DATASET SECTION.
-.-.-

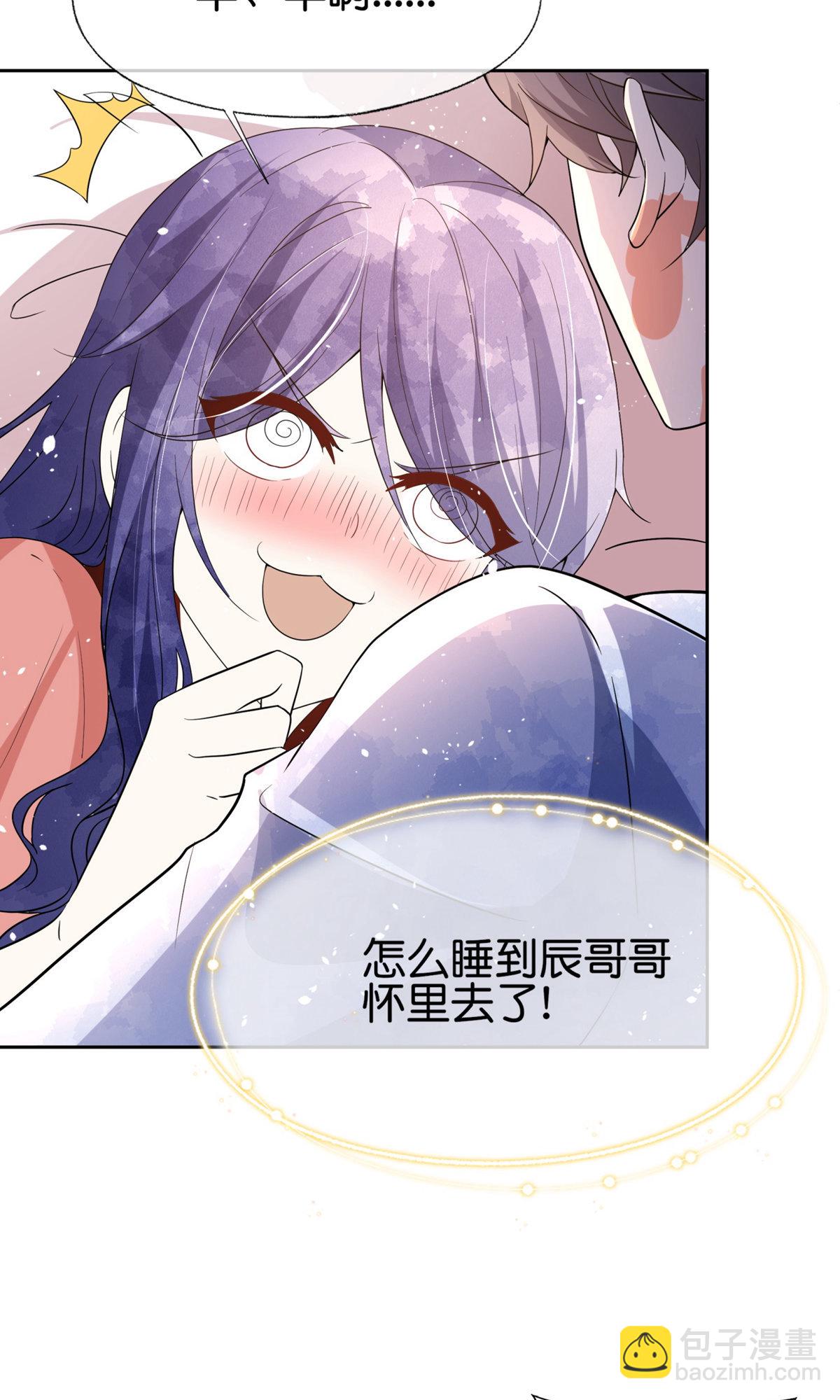 第352话 久违的温暧时光5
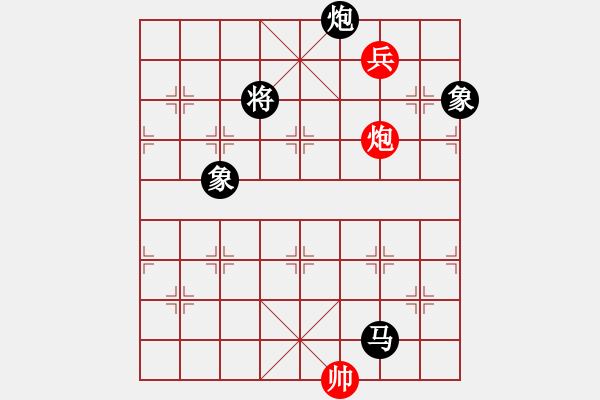 象棋棋譜圖片：lkyj(7段)-負-菜鳥來殺哦(9段) - 步數(shù)：240 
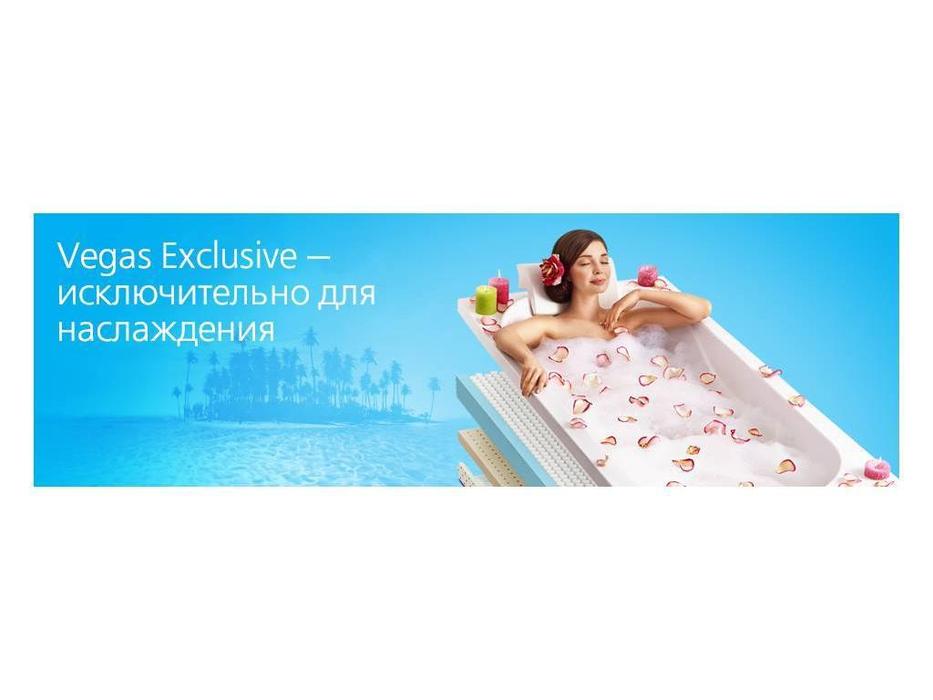 Вегас: Exclusive: коллекция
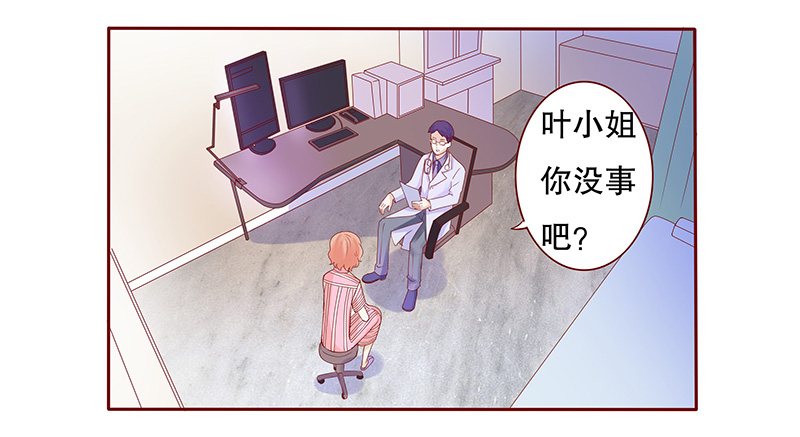 第81章：森森的希望4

-.-.-

YOUR OBJECTIVE. Would you copy out every line of the data above exactly, minus the pictures?

OUTPUT OF THE EXERCISE.
 第352话 久违的温暧时光5
 象棋棋譜圖片：lkyj(7段)-負-菜鳥來殺哦(9段) - 步數(shù)：240 
 Вегас: Exclusive: коллекция
 第81章：森森的希望4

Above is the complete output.